Continuing with our series of franchising terms and definitions, today we’re talking about exclusivity and exclusive territories.
When talking about exclusive territories in franchising, it typically refers to the geographic area or domain in which a franchisee can operate their business. This means no other franchised or company-owned outlet can operate in that area.
However, the franchise may include a clause that states if the market can support another franchise owner, then the current franchisee gets first right of refusal – meaning they have the first opportunity to open another franchise in that area. If they decline, then the franchise can put a new owner in that area.
Each franchisee is designated an exclusive territory to operate in, and has exclusive marketing rights to potential customers in the specified region. Multi-unit franchise owners have multiple locations, and thus a larger exclusive territory to market their business. A multi-unit owner can typically cross-market to different geographic regions, as long as they are owned by the same franchisee.

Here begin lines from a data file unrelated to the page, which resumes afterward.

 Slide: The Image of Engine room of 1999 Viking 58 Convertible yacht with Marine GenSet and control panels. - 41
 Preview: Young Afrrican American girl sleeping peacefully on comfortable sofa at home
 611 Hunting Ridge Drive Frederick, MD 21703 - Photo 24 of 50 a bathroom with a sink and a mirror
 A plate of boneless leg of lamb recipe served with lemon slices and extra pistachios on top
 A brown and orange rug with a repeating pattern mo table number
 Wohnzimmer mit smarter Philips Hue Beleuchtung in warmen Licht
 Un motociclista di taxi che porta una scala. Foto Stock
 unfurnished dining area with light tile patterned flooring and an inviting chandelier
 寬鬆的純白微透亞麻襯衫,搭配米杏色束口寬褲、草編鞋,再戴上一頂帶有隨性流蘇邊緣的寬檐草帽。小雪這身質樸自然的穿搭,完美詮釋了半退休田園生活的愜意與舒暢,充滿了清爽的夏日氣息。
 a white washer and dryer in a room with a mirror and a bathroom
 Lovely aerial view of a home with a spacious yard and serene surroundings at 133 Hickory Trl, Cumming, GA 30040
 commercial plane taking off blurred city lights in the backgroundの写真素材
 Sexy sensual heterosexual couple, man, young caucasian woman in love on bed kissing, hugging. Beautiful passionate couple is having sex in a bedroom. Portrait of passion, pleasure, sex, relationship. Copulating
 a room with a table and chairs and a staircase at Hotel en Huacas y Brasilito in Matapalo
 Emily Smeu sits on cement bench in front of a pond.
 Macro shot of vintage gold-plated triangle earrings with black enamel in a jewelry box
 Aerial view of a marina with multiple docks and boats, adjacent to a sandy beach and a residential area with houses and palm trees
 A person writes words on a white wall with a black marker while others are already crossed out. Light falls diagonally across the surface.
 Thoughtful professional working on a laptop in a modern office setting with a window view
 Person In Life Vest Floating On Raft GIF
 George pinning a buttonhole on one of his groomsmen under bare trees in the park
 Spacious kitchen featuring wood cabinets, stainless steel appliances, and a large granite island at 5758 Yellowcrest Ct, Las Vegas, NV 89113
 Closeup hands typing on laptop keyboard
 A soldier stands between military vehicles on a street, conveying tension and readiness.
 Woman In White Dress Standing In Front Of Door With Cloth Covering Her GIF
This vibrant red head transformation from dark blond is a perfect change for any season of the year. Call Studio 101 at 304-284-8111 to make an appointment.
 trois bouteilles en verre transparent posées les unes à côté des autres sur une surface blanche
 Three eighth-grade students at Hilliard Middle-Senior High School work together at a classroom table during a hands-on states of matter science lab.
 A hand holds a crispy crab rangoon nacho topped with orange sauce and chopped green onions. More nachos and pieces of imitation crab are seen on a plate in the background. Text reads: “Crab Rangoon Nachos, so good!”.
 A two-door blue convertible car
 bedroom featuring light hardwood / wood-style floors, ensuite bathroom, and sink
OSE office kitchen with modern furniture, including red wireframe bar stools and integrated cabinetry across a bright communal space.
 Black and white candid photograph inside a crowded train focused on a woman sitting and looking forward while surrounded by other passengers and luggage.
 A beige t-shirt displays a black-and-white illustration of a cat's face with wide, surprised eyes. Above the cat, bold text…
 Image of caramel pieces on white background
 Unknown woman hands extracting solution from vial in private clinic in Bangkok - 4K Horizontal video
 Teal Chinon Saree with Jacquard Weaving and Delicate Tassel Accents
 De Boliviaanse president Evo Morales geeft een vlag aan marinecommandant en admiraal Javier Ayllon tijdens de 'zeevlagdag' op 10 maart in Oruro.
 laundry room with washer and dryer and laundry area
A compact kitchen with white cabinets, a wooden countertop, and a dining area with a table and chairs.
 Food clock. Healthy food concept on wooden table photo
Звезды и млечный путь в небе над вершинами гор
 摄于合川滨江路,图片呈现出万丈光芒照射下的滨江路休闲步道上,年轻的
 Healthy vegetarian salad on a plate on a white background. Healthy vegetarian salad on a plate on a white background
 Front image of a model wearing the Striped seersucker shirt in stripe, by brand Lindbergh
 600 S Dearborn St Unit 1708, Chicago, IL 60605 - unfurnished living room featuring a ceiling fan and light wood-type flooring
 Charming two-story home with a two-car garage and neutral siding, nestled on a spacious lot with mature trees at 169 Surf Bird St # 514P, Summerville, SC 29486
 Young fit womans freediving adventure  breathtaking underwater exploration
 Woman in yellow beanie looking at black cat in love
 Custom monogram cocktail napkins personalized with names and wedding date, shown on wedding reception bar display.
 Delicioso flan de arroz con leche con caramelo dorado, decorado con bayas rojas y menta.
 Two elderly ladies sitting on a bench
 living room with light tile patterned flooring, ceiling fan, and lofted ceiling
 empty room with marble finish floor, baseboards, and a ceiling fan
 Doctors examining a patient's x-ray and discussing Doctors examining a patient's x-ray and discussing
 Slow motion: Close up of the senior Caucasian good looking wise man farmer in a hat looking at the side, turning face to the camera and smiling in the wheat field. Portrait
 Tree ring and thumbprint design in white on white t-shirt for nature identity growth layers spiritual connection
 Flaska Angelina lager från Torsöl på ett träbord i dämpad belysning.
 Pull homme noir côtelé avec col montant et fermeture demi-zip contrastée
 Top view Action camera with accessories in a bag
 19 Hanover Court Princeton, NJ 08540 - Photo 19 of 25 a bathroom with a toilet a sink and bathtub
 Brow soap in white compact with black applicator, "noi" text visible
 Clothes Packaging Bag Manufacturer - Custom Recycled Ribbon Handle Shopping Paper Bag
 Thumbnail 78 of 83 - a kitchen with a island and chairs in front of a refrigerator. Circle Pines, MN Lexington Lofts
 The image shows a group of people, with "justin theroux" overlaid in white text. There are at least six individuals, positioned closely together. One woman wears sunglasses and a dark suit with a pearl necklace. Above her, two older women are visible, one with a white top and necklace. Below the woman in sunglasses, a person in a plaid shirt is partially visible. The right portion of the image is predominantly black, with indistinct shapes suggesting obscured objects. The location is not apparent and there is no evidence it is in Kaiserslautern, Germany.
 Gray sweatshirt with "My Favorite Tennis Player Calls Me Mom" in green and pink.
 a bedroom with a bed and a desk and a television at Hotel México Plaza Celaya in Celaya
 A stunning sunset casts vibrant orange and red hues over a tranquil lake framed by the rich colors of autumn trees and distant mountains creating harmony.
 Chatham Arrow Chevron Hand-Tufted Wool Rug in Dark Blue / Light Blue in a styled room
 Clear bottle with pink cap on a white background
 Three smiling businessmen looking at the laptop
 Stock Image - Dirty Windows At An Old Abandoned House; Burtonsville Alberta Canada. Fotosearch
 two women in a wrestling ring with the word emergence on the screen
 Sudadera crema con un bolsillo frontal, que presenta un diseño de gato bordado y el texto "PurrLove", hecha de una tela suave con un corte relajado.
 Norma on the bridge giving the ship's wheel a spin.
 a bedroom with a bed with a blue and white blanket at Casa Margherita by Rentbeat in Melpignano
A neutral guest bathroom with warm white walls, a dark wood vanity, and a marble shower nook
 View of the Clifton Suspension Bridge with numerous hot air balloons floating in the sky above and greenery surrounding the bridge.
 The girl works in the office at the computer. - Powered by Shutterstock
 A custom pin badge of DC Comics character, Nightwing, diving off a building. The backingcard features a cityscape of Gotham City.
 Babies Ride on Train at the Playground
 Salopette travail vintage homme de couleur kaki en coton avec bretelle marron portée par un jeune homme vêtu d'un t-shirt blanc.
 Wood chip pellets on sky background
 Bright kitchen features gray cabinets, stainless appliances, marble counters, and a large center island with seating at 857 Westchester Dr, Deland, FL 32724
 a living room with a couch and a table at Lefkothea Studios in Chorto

Assigning specific exclusive territories to each franchisee helps ensure equal opportunity among all franchisees. But not all markets are the same. Some markets are larger than others, and thus have more potential. For this reason, franchisees in smaller markets may have a larger geographic area, yet still have the same amount of residents or potential as a franchisee in a more populated area.
Exclusive rights vary depending on each franchise. For example, in some franchise models the franchisee may have exclusive rights only where his or her location stands, and no more. But, most franchise models divide up territories based on city, state or even zip code.